Les bottes de Bob

Extrait de « Les bottes de Bob »

« Mon Impala m’a lâché entre deux de ces bleds paumés qui jalonnaient mes tournées. À une bonne centaine de kilomètres de chez moi. La voiture a hoqueté, comme quand un truc vous reste en travers de la gorge, puis elle s’est arrêtée. Impossible de la faire repartir. J’ai soulevé le capot et ça m’a confirmé ce que je savais déjà : je n’ai jamais rien compris à la mécanique.
Trois voitures sont passées sans ralentir avant qu’une Camaro bleue s’arrête. Une blondinette toute menue était au volant. La vingtaine, avec une petite robe rose à bretelles. Elle m’a souri et a dit : «Vous, vous avez l’air d’avoir sacrément besoin d’un peu de charité chrétienne !» J’ai confirmé. «Je m’appelle Emerich Hauser, j’ai ajouté. Je fais le tour des producteurs de fruits du coin pour Cliffstar. On est en train de se lancer dans les jus de fruits.» Elle a dû trouver que je n’avais pas une tête à bosser dans les jus de fruits à en croire la moue qu’elle a faite. «Moi, c’est Anna-Lisa, elle m’a répondu. Je fais le service dans un restaurant un peu plus loin. Je vous dépose quelque part ?» Je lui ai dit que ce n’était pas de refus et je lui demandé si elle connaissait un garagiste honnête dans le coin. Elle a répondu que le seul à trente kilomètres à la ronde avait fermé quelques jours pour enterrer son fils. Une gare ou un arrêt de bus auraient tout aussi bien fait mon affaire, mais dans ce genre de campagne, à cette heure-là, plus rien ne circulait. On a convenu qu’elle me laisserait à un motel.
On a roulé une dizaine de kilomètres. Anna-Lisa chantonnait un tube de Jefferson Airplane qui passait à la radio. Ça disait que tout le monde a besoin de quelqu’un à aimer. »
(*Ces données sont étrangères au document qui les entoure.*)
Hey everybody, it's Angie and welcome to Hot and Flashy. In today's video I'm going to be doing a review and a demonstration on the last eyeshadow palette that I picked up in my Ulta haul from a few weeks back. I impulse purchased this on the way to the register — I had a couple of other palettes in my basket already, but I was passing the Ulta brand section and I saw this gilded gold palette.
« Les bottes de Bob » a été écrit en 2014, lui aussi dans le cadre d’un atelier d’écriture. Sur une consigne issue d’une nouvelle de Claire Keegan, auteure irlandaise dont on ne peut que fortement recommander la lecture, où le narrateur se voit entraîné dans une situation dont il pressent que l’issue lui sera fatale, sans rien faire pour y échapper. Je m’y suis un peu amusé avec le genre, renversant les codes pour emmener l’histoire là où on ne l’attend pas.
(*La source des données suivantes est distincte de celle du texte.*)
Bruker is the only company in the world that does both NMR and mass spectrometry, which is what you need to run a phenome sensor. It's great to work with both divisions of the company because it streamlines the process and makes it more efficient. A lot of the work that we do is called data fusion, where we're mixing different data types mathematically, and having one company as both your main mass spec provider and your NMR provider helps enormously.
Cette nouvelle fait partie de celles pour lesquelles j’ai un profond attachement. Les personnages d’Anna-Lisa, la blondinette en robe rose et aux bottes trop grandes, et d’Emerich ont indirectement donné naissance à plusieurs autres nouvelles réunies dans La Plus Jeune des Frères Crimson. Elle contribue fortement à l’unité du recueil.
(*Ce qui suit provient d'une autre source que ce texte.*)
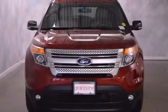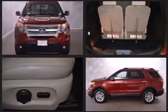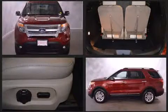Step into the 2014 Ford Explorer. It features an automatic transmission, four-wheel drive, and a 3.5-liter six-cylinder engine.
Ce texte esr né d’un trait, une nuit à quatre heure du matin, alors que la fièvre me tenait éveillé. Un premier jet qui a été à de nombreuses reprises retravaillé jusqu’à cette ultime version.

3ème du prix Vedrarias 2017, « Les bottes de Bob » a été publié dans le numéro 39 de la revue Rue Saint Ambroise en mars 2017.